To Kate Pankhurst, author, Fantastically Great Women Who Changed the World (2016)

To Kate Pankhurst
Kate@katepankhurst.com
Spinning Mill Studios, 2nd floor
Spinning Mill, Sunny Bank Mills
Farsley, Leeds LS28 5UJ

Dear Ms Pankhurst

We are disappointed with the shoddy, inaccurate coverage you give to Mary Seacole in your book, Fantastically Great Women Who Changed the World, 2016. Mrs Seacole was certainly a fine person, independent, generous and interesting, but how did she change the world? Certainly nothing that she described of her own life in her memoir, an excellent book, Wonderful Adventures of Mrs Seacole in Many Lands. There she portrays herself as an adventurer—a keen observer of the world—and kind and resourceful in tough circumstances, but hardly anything more.

Moreover, her “remedies” are questionable at the very least. She gave a recipe for only one, to which she added lead and mercury, toxic substances at any strength, and not good for cholera and bowel diseases in particular. Indeed, she acknowledged “lamentable blunders” in her memoir (see p 31).

A “nurse”? But she never called herself a “nurse,” although she did use “doctress, nurse and mother” as a descriptor, but “nurse” was for Nightingale and her nurses. Do you realize that Seacole never nursed one day in any hospital in any country? Nor did she claim to have in her book. She describes assisting officers and men on the battlefield (on 3 occasions, not routinely), and she gave tea to soldiers waiting transport to the general hospitals—but never inside. Nor did she nurse in any hospital in Jamaica—she describes being invited to, but declining. Read the book carefully!

You state, incorrectly: “This nurse [NO!] set up her own hospital in the Crimea during the Crimean War”…. But in her book she said she planned to establish a “hotel,” never a hospital, and did not even do that (Chapter VIII). Instead, she had huts put up for a bar/restaurant/store/takeaway/catering service, for officers. Quite different.

You then state that she was “turned down” as an official nurse, carelessly not noticing that she only applied for a post, informally, AFTER Nightingale and her nurses had left, indeed after the second team of nurses had left.

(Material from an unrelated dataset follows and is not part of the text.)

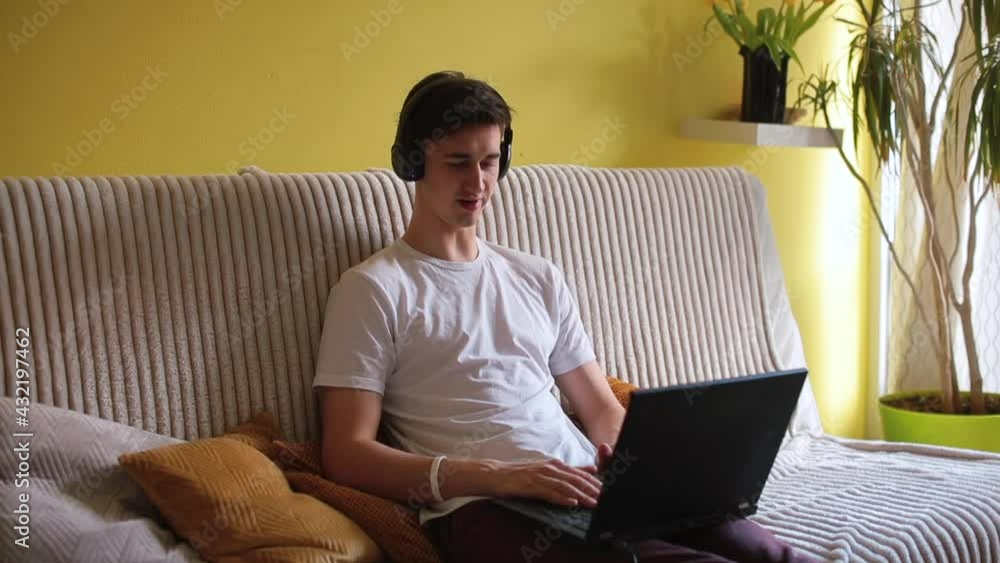 Poster a man makes a video conversation using a laptop in the room. he transmits the message using the inte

Mrs Seacole did not apply early, even though she was in London, as she was busy on her gold investments, which she makes clear in the book.

You state that Nightingale “nursed soldiers in the Crimean War” (she did a lot more than that) and that Seacole “did the same and at her own expense”!! Hardly, she ran a business, in which she invested from her earnings from her previous business, as did her business partner.

The point “because as a black woman” raises a more complex issue, for Mrs Seacole did not identify as black, but “yellow” or fair-skinned. Like white Jamaicans, she employed blacks. She travelled with two black servants and employed black cooks at her business. Rather off what you say.

It is particularly grating to see a descendant of the great suffrage leader Emmeline Pankhurst get Nightingale wrong—an early supporter of the vote for women (1866), who signed numerous petitions for the vote who did much to improve education for women, started nurse training and made nursing the best-paid occupation for women at the time.

If your book is re-published, you should ensure that these gross errors are corrected. You should apologize for misleading people—a children’s book! A bit much to expect children to check out sources, when the author can’t be bothered!